Prompt:
Repeat only the lines below from the one containing "Индивидуальные 20-футовые складные" through the one containing "Дамска бежова чанта", inclusive, exactly as written.

Start of Records supplied

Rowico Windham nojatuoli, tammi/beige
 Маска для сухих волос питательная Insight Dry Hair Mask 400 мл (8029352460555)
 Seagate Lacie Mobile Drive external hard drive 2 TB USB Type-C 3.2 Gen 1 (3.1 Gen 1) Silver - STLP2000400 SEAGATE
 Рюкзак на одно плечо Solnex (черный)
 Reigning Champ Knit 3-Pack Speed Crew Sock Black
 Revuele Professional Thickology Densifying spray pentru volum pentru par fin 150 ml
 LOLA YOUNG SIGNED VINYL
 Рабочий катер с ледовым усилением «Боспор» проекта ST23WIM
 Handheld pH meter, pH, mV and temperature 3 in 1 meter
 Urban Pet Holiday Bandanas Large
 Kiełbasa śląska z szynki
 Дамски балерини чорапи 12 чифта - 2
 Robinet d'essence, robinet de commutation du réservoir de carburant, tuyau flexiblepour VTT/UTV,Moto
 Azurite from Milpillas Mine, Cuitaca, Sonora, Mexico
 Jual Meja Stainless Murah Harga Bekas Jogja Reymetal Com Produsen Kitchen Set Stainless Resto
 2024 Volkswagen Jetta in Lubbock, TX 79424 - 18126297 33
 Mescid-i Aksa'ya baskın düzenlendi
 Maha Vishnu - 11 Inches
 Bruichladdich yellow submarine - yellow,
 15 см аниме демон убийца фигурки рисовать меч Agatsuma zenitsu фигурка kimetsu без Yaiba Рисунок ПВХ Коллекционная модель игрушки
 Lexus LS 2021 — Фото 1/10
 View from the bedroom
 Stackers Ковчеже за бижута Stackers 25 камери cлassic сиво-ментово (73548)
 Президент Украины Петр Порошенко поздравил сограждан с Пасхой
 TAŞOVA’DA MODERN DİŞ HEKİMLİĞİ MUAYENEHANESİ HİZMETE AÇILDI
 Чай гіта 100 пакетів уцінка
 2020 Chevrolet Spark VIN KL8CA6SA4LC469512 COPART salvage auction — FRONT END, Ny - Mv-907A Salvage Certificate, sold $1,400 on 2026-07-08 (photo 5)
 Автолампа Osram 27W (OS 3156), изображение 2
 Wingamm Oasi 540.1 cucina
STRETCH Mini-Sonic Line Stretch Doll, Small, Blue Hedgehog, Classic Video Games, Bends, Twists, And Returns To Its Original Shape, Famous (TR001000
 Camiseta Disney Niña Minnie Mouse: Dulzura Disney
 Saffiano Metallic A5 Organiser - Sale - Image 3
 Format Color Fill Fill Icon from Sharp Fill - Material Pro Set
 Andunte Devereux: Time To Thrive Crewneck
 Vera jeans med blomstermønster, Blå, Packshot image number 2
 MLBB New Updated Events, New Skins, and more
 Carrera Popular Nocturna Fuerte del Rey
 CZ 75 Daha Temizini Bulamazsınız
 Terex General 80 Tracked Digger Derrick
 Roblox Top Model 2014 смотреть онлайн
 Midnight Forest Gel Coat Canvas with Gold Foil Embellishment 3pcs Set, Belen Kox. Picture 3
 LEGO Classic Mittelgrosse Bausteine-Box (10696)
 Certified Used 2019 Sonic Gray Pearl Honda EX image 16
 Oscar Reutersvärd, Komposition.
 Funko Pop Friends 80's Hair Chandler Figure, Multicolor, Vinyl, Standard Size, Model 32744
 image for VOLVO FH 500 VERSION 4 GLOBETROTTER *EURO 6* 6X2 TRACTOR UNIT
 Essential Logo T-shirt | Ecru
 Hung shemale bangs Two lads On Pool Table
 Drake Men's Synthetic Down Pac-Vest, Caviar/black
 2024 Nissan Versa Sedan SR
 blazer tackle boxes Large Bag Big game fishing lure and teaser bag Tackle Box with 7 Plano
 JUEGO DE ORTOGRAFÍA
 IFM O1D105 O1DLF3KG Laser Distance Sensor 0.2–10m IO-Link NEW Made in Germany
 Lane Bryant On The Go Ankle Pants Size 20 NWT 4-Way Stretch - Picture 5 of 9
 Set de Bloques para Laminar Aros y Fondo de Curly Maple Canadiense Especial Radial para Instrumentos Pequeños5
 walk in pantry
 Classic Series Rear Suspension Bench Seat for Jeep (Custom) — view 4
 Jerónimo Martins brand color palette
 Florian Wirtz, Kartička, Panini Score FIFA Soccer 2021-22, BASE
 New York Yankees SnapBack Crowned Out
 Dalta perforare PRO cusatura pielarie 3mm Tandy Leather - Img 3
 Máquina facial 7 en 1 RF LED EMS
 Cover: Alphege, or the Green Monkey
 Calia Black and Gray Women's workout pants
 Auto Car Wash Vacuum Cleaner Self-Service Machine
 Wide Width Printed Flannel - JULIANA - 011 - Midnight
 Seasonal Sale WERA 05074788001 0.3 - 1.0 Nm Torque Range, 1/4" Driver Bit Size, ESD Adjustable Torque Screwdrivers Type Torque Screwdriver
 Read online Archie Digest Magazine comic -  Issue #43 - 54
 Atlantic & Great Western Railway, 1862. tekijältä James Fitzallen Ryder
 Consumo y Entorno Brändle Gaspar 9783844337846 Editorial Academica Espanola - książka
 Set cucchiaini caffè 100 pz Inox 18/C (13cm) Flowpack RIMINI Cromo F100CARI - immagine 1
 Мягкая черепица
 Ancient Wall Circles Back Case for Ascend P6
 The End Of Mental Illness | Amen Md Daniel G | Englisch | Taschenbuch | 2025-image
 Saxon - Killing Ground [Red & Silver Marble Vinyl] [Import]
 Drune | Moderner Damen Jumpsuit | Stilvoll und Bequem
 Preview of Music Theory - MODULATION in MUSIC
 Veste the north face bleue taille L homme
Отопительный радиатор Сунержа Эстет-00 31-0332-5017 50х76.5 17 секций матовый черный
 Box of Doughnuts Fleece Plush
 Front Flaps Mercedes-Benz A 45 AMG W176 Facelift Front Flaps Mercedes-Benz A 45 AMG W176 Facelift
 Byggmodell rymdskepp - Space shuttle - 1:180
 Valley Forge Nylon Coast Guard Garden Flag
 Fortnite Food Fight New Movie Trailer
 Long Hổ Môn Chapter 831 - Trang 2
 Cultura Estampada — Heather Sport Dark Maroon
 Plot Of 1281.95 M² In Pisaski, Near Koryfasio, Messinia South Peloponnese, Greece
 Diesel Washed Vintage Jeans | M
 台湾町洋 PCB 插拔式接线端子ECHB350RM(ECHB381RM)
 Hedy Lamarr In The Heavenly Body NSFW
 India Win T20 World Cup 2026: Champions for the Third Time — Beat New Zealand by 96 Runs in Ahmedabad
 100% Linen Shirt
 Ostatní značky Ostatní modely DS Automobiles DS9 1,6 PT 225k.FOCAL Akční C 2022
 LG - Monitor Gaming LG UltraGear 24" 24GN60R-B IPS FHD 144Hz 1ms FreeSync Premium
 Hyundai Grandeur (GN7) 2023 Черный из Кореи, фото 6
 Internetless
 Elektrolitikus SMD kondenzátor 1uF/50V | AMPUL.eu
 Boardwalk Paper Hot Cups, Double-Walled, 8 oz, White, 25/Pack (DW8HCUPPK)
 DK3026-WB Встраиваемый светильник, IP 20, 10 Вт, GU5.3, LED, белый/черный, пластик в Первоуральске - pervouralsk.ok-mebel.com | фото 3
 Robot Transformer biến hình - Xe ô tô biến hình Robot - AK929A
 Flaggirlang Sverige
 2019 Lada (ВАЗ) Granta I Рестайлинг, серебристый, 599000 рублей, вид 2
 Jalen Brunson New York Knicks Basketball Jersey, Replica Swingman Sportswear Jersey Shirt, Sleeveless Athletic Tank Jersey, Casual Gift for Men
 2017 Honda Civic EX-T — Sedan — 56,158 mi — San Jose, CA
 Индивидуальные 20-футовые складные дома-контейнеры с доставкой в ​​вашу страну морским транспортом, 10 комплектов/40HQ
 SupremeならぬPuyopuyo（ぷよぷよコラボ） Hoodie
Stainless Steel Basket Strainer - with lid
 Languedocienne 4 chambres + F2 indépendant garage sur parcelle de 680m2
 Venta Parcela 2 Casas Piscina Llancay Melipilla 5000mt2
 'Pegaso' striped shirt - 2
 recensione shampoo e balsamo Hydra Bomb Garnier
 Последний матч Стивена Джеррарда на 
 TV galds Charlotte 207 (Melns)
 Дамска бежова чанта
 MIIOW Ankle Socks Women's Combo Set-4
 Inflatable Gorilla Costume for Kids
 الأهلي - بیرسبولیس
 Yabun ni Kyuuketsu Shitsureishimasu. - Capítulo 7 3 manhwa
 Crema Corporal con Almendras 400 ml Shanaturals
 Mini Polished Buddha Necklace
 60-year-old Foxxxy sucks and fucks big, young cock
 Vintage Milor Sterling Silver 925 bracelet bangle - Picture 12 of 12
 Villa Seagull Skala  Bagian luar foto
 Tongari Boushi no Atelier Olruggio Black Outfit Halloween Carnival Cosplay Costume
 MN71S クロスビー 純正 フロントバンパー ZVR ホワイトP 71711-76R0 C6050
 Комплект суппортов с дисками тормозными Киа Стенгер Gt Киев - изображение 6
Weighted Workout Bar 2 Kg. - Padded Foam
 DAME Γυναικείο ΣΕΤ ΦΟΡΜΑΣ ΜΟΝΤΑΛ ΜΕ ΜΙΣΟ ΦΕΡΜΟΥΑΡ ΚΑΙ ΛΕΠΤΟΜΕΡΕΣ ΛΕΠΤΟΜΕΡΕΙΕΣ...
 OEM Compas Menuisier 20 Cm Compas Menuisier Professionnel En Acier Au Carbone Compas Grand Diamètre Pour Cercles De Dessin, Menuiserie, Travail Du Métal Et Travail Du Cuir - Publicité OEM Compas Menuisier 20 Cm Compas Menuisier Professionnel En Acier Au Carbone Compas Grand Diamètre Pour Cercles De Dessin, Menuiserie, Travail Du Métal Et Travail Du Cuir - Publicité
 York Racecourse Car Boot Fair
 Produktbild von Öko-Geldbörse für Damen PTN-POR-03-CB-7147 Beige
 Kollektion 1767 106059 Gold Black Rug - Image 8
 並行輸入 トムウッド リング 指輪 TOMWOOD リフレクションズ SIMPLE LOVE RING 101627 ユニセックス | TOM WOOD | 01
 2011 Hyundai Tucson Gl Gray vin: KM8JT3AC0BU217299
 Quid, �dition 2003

End of Records supplied

Answer section:
 Индивидуальные 20-футовые складные дома-контейнеры с доставкой в ​​вашу страну морским транспортом, 10 комплектов/40HQ
 SupremeならぬPuyopuyo（ぷよぷよコラボ） Hoodie
Stainless Steel Basket Strainer - with lid
 Languedocienne 4 chambres + F2 indépendant garage sur parcelle de 680m2
 Venta Parcela 2 Casas Piscina Llancay Melipilla 5000mt2
 'Pegaso' striped shirt - 2
 recensione shampoo e balsamo Hydra Bomb Garnier
 Последний матч Стивена Джеррарда на 
 TV galds Charlotte 207 (Melns)
 Дамска бежова чанта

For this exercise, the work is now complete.